My first thought is that you have an explicit rule in the Access Control Rules for the 'entrelayd' service (called the "Enterprise Relay Server" at version 8). Go to your Rules and type the word "enter" in the Search box. Do you have a rule using this service? If you do you must delete it.
One other thing to check on both firewalls: login via SSH and run 'cat /secureos/etc/failover.conf' and go to the bottom of the file. There is a line there that says "key(SHA512 some_key)." Make sure both of them say "SHA512" and that one doesn't say "SHA1" instead.
Sliedl, thanks for the quick response. I just checked on both of your suggestions, I have no rules with the entrelayd service and a check of my failover.conf verified they are both at SHA512. One additional bit of info I just thought of. When we first tried this the hearbeat zone was a redundant lagg interface. I read that there was an issue with this in 8.0.0, even though Im currently using 8.3.2 ( i couldn't confirm but assumed this was fixed by now) I thought I would go back and break out the lagg and just use a single interface. But its the same problem. I did break up the HA pair before I made these interface changes, then re created the cluster. Could this have affected something?
There could be any number of things causing this and if there is some explicit error there will be an audit event on either the primary or the standby (or both).

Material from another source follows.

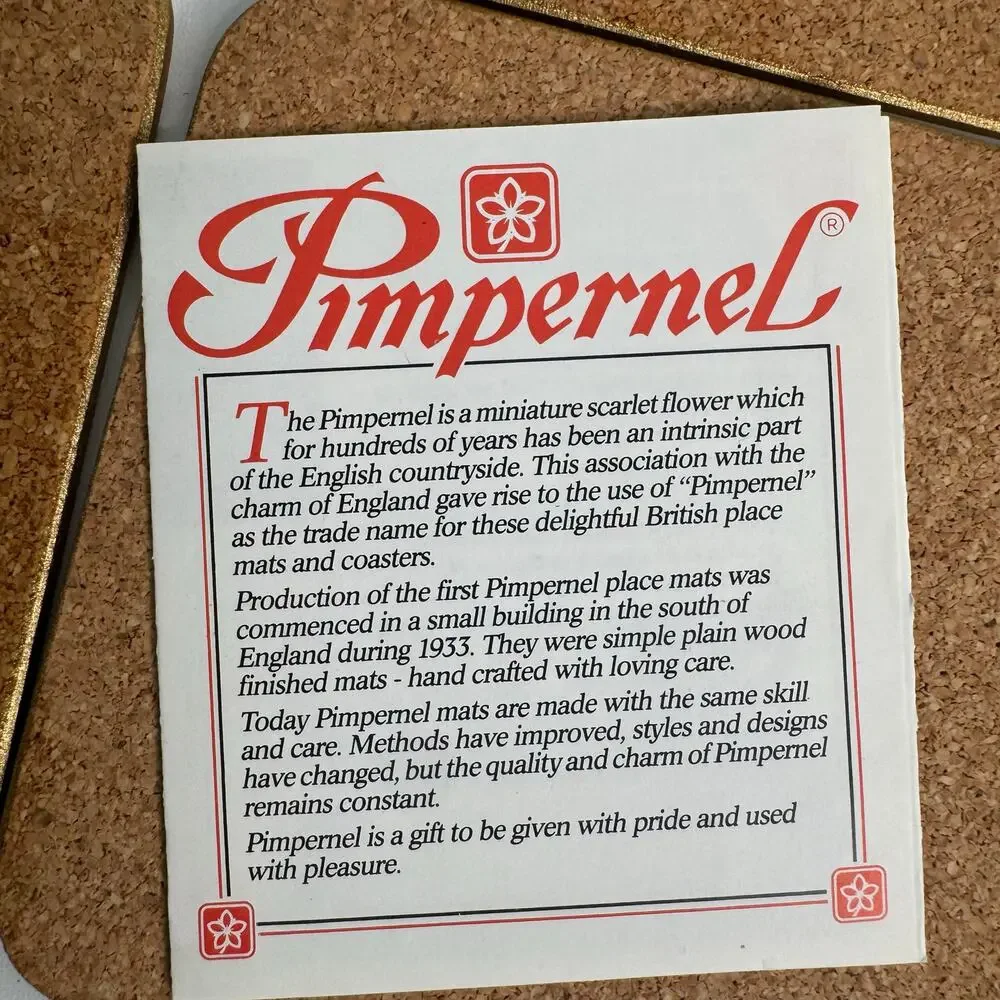 Pimpernel scenic insert
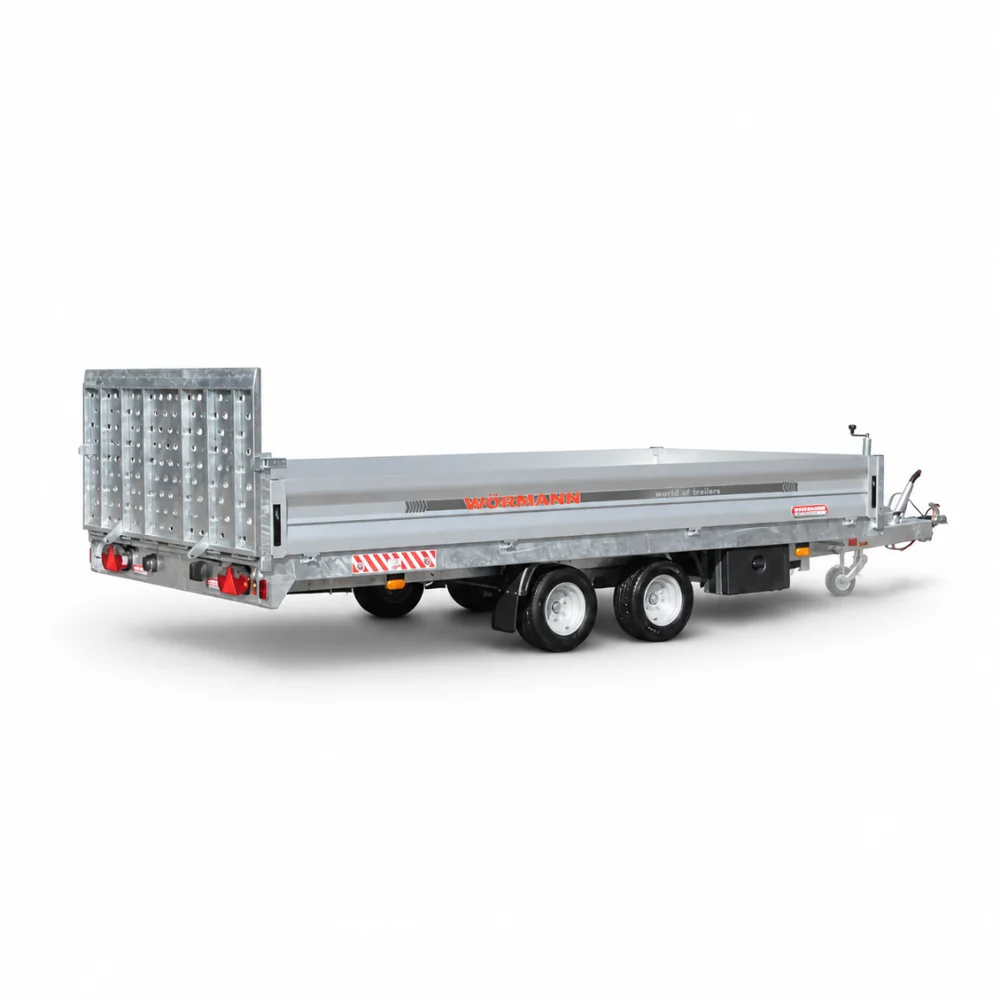 Wörmann Profilader 2743/210 – Maschinentransporter – Ansicht 2 – sofort verfügbar zum Sonderpreis bei Höger eGbR in Memmingen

If the firewalls are connected via a switch then the switch must be able to pass IGMP and it must not decrement the TTL (the TTL of the heartbeat is 1). If they are connected via a switch you can try connecting them with a cable (straight-through or crossover) to see if that fixes the issue. Also the heartbeat interface should not be VLANed.
We ended up finding a workaround if not the correct solution. In the Advanced interface options we removed the "Monitor Interface" check on the Heartbeat interface. This corrected our issue with the cluster not recognizing the secondary firewall was there. We also tested failover and restoral successfully. We still get occasional errors that the secondary is not responding when making configuration changes, but we believe that is a layer one issue with the hearbeat cable.